### What is being asked
Give the data below again exactly as written, but without the pictures.

### Information supplied

──────

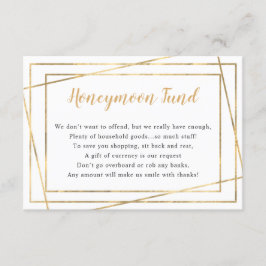 ハネムーン結婚カード | シンプル金ゴールド枠 招待状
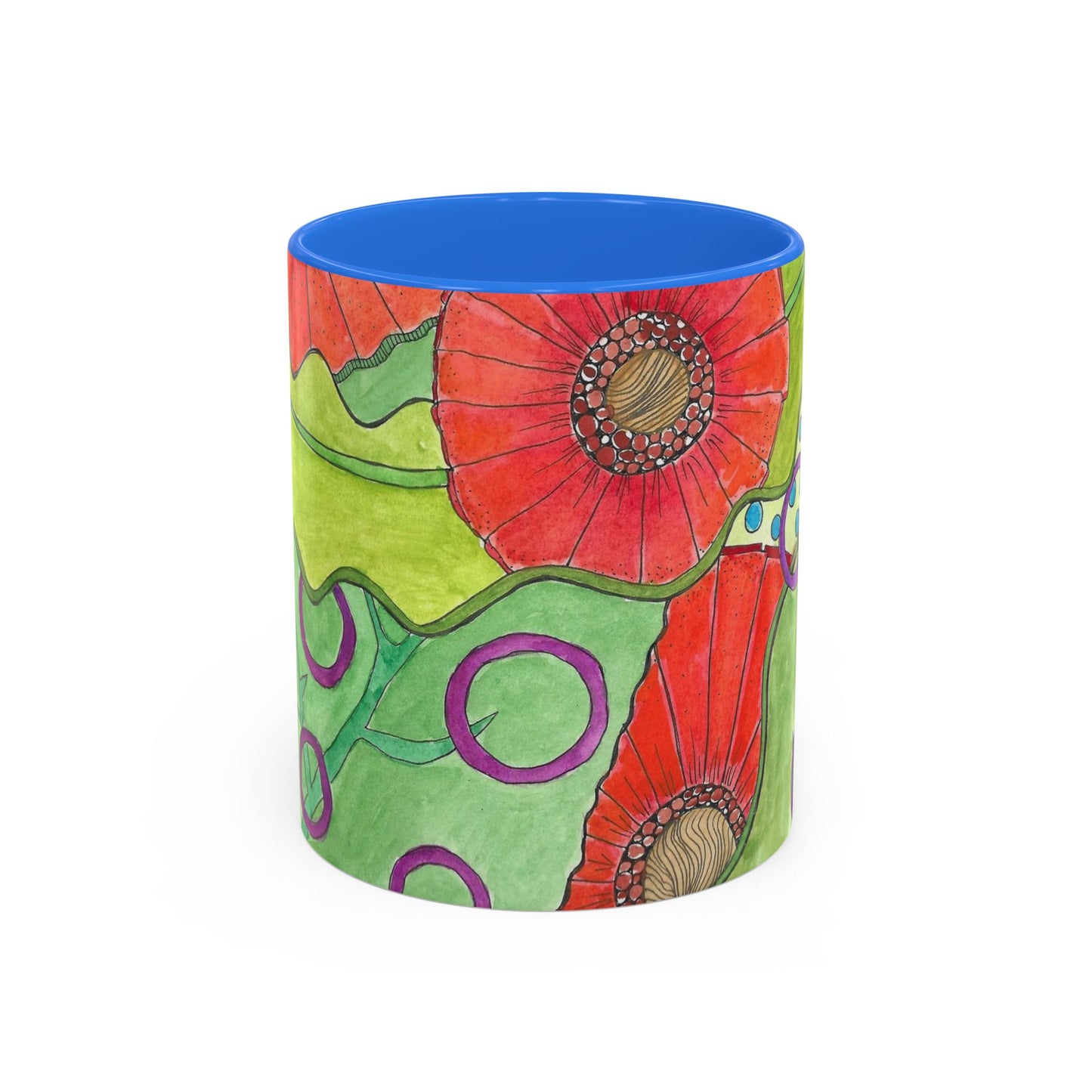 Floral Pop Art Mug — Bright Red Poppies on Green Background 11oz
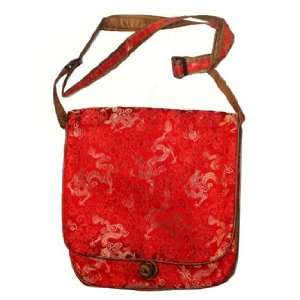  Chinese Red Dragon Brocade Purse 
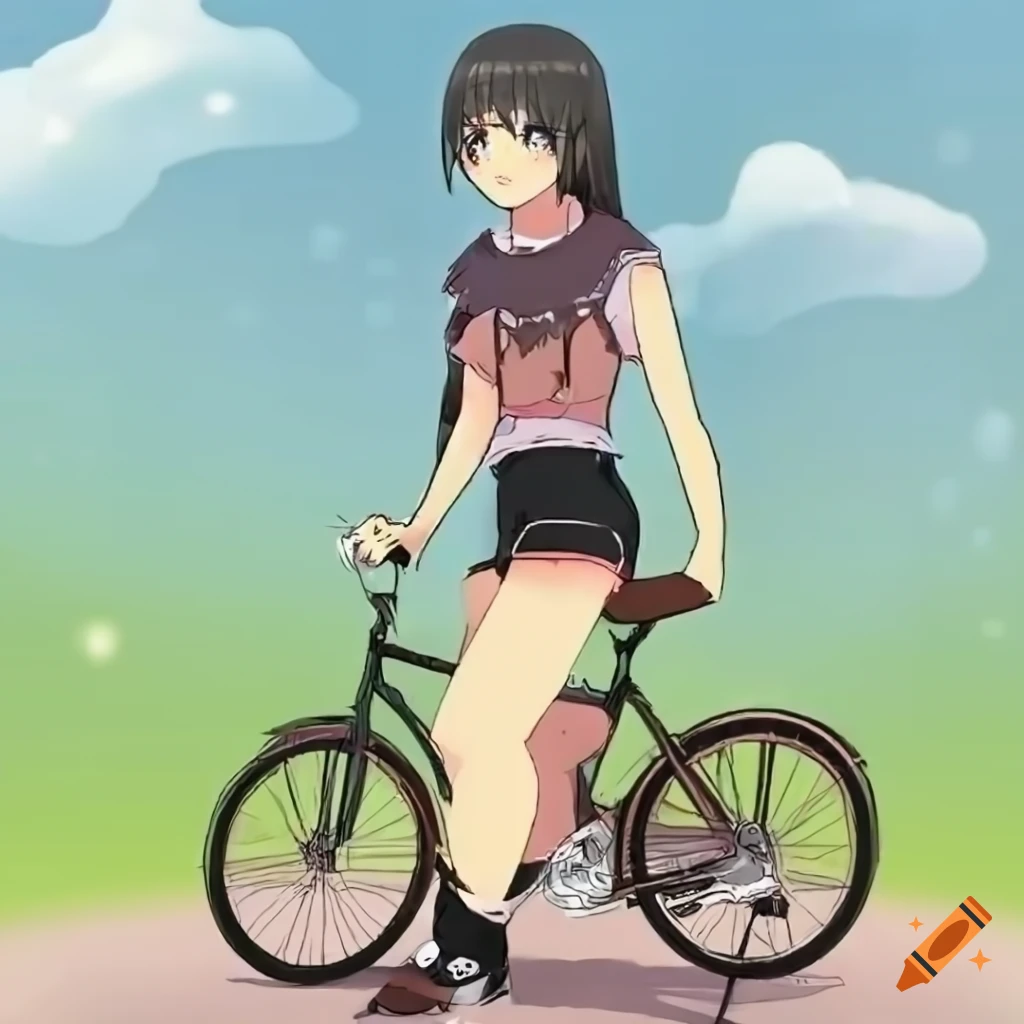 Anime Girl With Bicycle Paint By Numbers - Numeral Paint Kit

──────

### Exercise result
 ハネムーン結婚カード | シンプル金ゴールド枠 招待状
 Floral Pop Art Mug — Bright Red Poppies on Green Background 11oz
  Chinese Red Dragon Brocade Purse 
 Anime Girl With Bicycle Paint By Numbers - Numeral Paint Kit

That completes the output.